■ Your assignment
For the entries below, return every line from the top through the line with "نوعها (الشرق الأوسط)" exactly as it stands, omitting pictures.

■ Task inputs
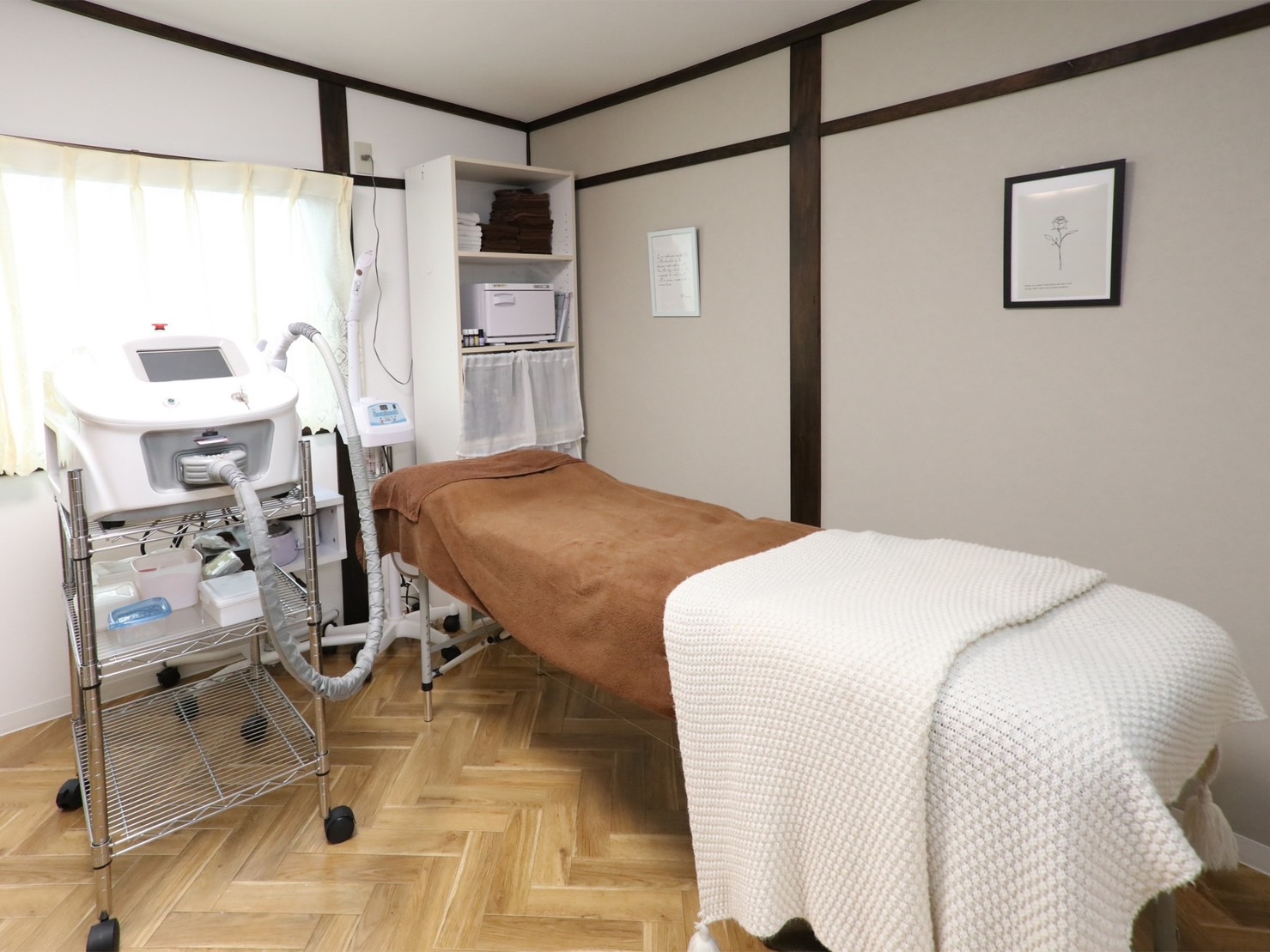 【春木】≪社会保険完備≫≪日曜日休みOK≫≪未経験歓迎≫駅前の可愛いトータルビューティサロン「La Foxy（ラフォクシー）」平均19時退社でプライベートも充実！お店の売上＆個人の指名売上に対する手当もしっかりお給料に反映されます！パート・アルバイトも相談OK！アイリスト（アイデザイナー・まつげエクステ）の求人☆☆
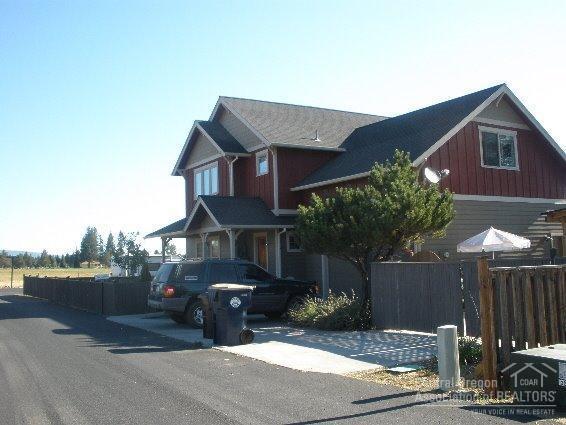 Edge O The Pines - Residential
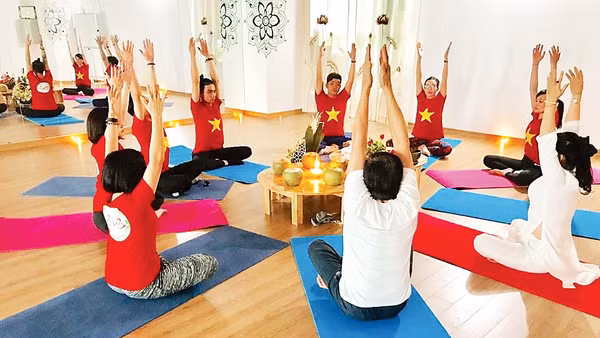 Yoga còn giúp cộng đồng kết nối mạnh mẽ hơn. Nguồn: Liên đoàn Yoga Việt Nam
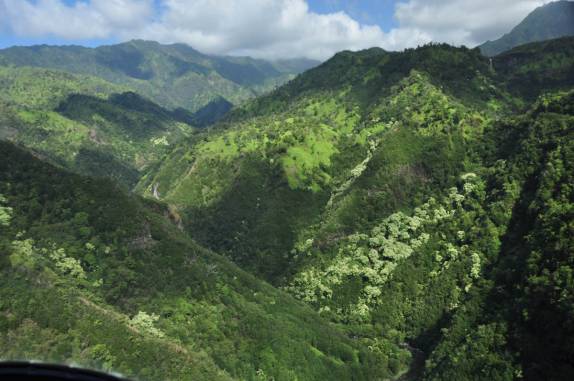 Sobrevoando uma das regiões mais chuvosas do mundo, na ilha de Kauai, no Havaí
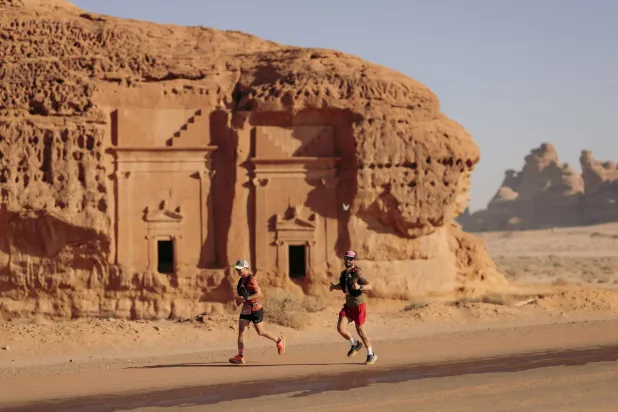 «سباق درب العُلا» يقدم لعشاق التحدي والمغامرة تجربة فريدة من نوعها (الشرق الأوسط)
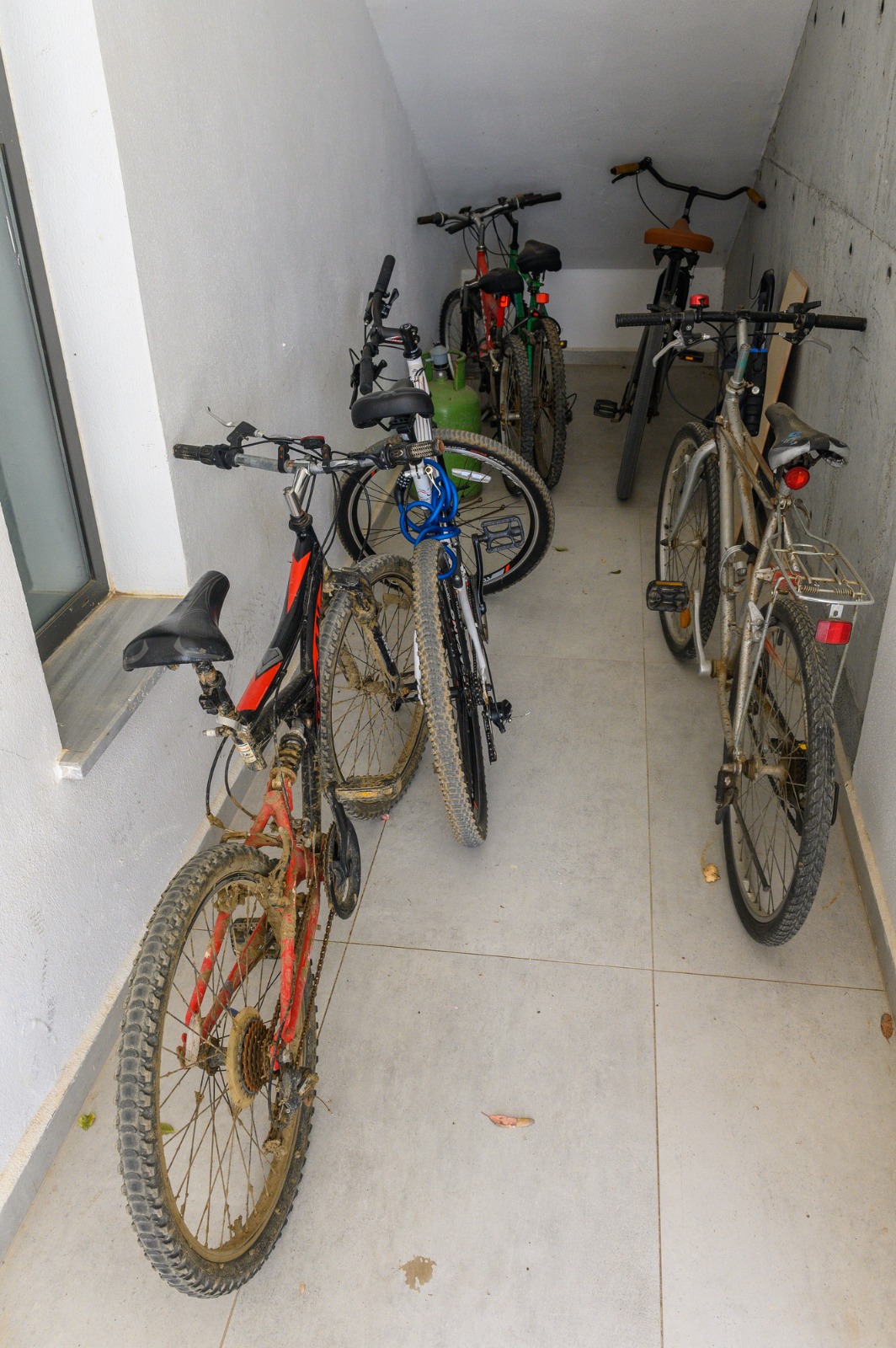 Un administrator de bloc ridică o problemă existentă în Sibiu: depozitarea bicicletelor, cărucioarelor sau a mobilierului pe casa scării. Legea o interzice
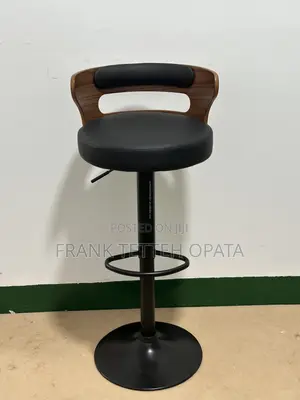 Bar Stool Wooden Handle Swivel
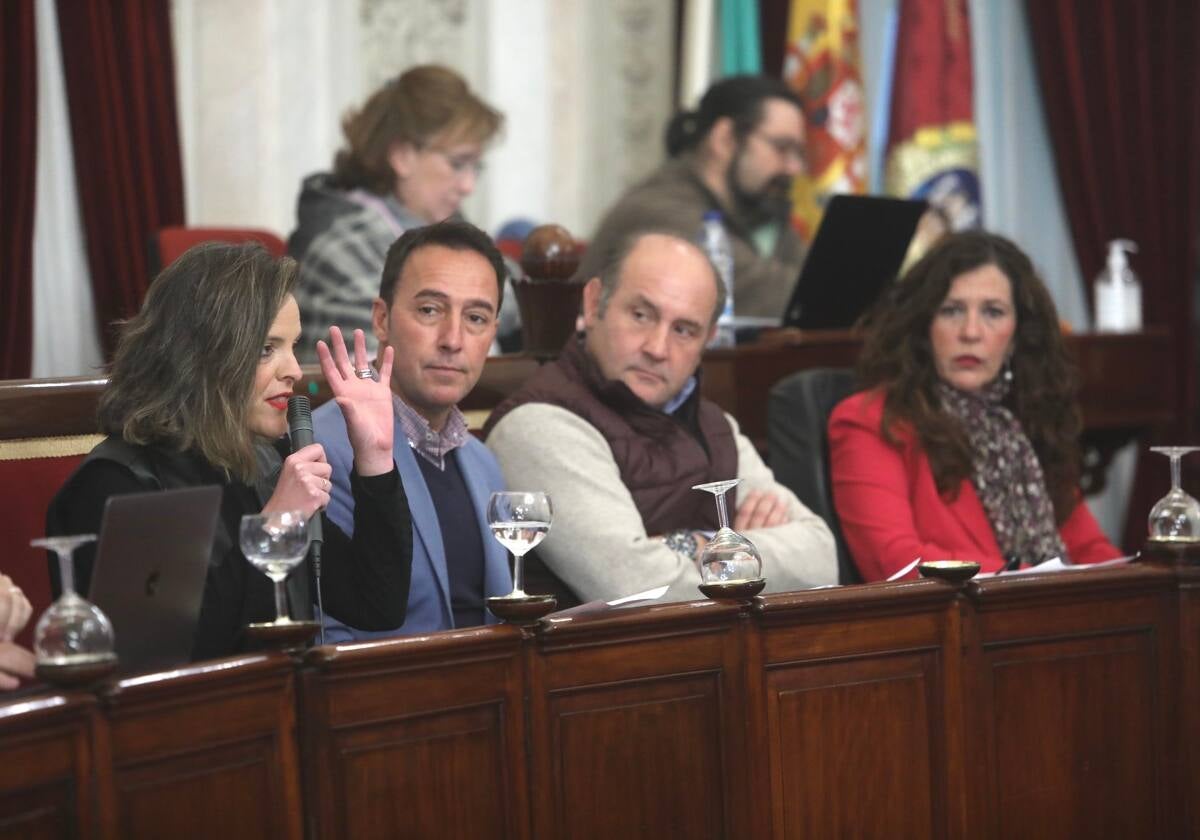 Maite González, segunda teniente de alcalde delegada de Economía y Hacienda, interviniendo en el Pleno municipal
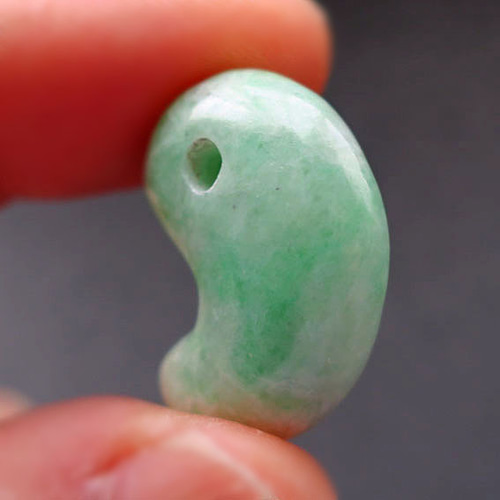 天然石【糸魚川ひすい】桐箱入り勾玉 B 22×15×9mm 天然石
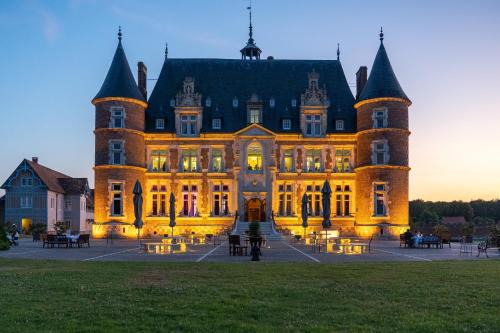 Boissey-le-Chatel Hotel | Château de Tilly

■ Response
 【春木】≪社会保険完備≫≪日曜日休みOK≫≪未経験歓迎≫駅前の可愛いトータルビューティサロン「La Foxy（ラフォクシー）」平均19時退社でプライベートも充実！お店の売上＆個人の指名売上に対する手当もしっかりお給料に反映されます！パート・アルバイトも相談OK！アイリスト（アイデザイナー・まつげエクステ）の求人☆☆
 Edge O The Pines - Residential
 Yoga còn giúp cộng đồng kết nối mạnh mẽ hơn. Nguồn: Liên đoàn Yoga Việt Nam
 Sobrevoando uma das regiões mais chuvosas do mundo, na ilha de Kauai, no Havaí
 «سباق درب العُلا» يقدم لعشاق التحدي والمغامرة تجربة فريدة من نوعها (الشرق الأوسط)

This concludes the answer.